At 7 million actual holders of credit cards, the usage or penetration of plastic money by Filipinos is still significantly below that of its neighbors in Asia, mainly because Filipinos are still averse or allergic to credit cards. This makes the Philippines one of the least leveraged countries in terms of household debt.
This was the observation of Alex Ilagan, Executive Director of Credit Card Association of the Philippines (CCAP), as it celebrated its 35th founding anniversary at the Hotel Intercontinental.
Though the CCAP considers the prudence of Filipinos as a “big competitor to credit cards” still this is more positive for us because our “biggest enemy is bad debt,” Ilagan said.

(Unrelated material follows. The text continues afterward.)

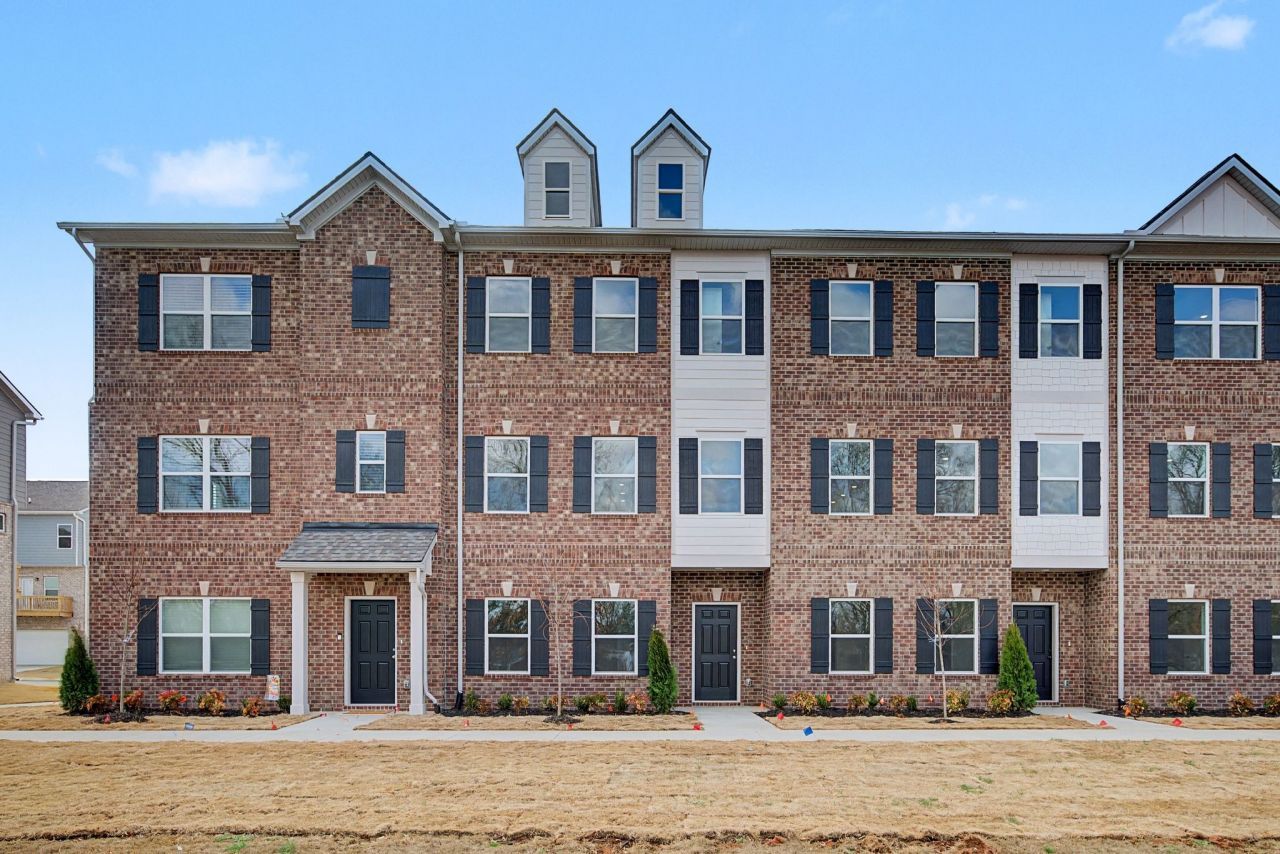 124 Rosebush Lane, Lebanon, TN 37087 Main Photo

The growth of the credit card industry has been at 5 percent a year and this is because aside from being prudent, Filipinos who have had bad experiences with credit card fraud and thefts have shied away even more from getting such plastic money, said Ilagan.

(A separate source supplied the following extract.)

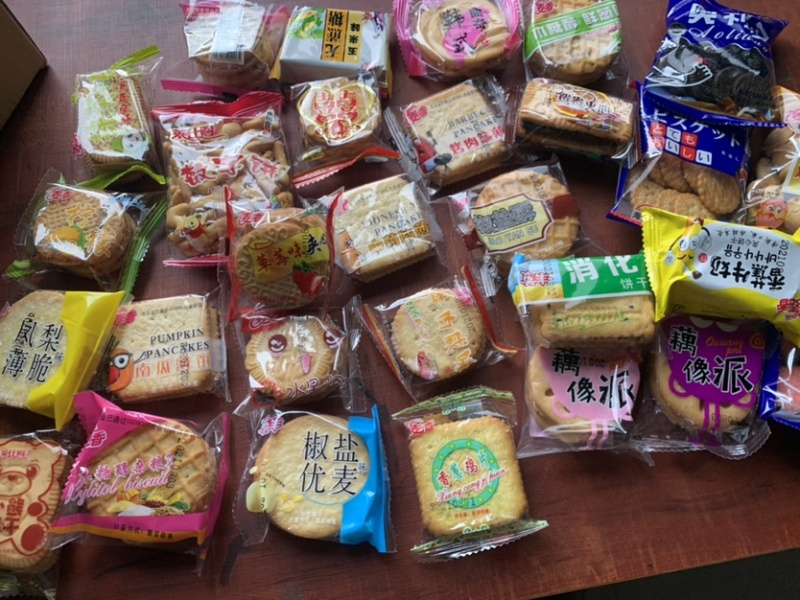 饼干零食大礼包整箱批发各式各样混搭特价饼干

There are currently 12-member banks that offer credit cards to augment their lending portfolios. The newest entrants are Asia United Bank and China Bank, Simon Calasanz, CCAP Chairman said.
The industry has been proactively addressing issues on credit card thefts and frauds, in close collaboration with the Bangko Sentral ng Pilipinas, which lately required the adoption of the EMV (European Master Visa) standards, considered the most stringent and safe worldwide for cardholders.
In terms of savings depositors of 30 million people, the credit card holders of 7 million is still way below but with some banks now offering debit cards (which function like credit cards except that they are backed by savings deposits), there has been some shift in consumer behavior with some feeling their way into acquiring credit cards eventually, explained Harrison Gue, CCAP President from the Metrobank group.
Calasanz said the credit card sector could have grown faster had it been backed by a national identification card system — for easier access to customer demographics, which had taken so long to materialize, lagging even behind Africa, which now has a national ID.
As to the future trend of credit card, Gue said in the not too distant future, the industry would be adopting the contactless technology, especially for point of sales transactions, to ensure against card and data fraudsters.
Although the credit card bill was passed in 2009, the implementing rules and regulations defining the parameters, operations and data sharing among the industry players and allied sectors have yet to be passed, thereby leaving the industry alone to police its ranks, Ilagan said.
Aside from the absence of a national ID system, the industry also bewails the poor logistics infrastructure, particularly the postal system, which results in delayed deliveries of balance statements of cardholders, resulting in disgruntled clientele who end up withdrawing from the credit card system, Calasanz said.
Around 35 percent of mall sales are actually done through credit card while the bulk is still through cold cash, Gue added.